Room 004, School of Arts and Sciences
Central Campus
The voices of India’s frontline bureaucrats—teachers, health workers, district and block level administrators - charged with delivering a vast array of public services to citizens—are dismissed all too quickly. Public debates generally view them as corrupt, apathetic, incompetent and in urgent need of tighter monitoring and discipling. But is there another way to view their role, and thus reframe approaches to the challenge of building high-performing public sector organisations and improving State capacity in India?
This book draws on an ethnographic study of an ambitious effort to improve the quality of government schools, particularly their ability to equip students with foundational literacy and numeracy skills in the city-state of Delhi, India. This account of Delhi's efforts to reform schools trains its focus on voices at the frontlines of the public school system.
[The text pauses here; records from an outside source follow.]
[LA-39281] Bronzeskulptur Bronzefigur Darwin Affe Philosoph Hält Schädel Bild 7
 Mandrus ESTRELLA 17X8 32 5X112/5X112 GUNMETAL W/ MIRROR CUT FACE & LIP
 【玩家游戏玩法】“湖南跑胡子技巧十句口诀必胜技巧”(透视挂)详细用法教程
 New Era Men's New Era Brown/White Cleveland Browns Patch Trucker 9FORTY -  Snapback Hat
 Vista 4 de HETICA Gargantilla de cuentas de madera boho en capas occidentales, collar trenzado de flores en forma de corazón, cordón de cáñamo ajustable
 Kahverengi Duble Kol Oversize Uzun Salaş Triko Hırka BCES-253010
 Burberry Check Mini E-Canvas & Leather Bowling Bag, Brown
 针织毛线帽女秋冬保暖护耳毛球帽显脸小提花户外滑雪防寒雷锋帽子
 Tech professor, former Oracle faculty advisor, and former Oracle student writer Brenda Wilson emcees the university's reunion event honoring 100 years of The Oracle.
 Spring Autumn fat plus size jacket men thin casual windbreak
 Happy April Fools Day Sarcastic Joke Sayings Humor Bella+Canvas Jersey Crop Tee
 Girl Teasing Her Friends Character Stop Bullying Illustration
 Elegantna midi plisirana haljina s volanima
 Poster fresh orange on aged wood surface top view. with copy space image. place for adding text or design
In so doing, it captures the complex ways in which bureaucratic hierarchies, processes and belief systems shape state capacity. The culture these create determines not just degrees of state capacity but also how public sector organisations resist, distort and eventually adopt reform ideas and actions aimed at improving performance. Understanding, engaging and empowering the frontlines rather than disciplining them through the power hierarchies of the bureaucratic system lies at the heart of how state capacity is built and sustained.
Yamini Aiyar is currently Senior Visiting Fellow, Saxena Center for Contemporary South Asia and Watson Institute, Brown University, where she is working on a comparison of welfare states in the Global South. Previously, she was President and Chief Executive of the Centre for Policy Research, a leading multidisciplinary think tank in New Delhi, from 2017-2024. Yamini's research spans the fields of contemporary politics, state capacity, welfare policy, federalism and India's political economy. Her latest book, Lessons in State Capacity from Delhi Schools, was published by Oxford University Press in December 2024.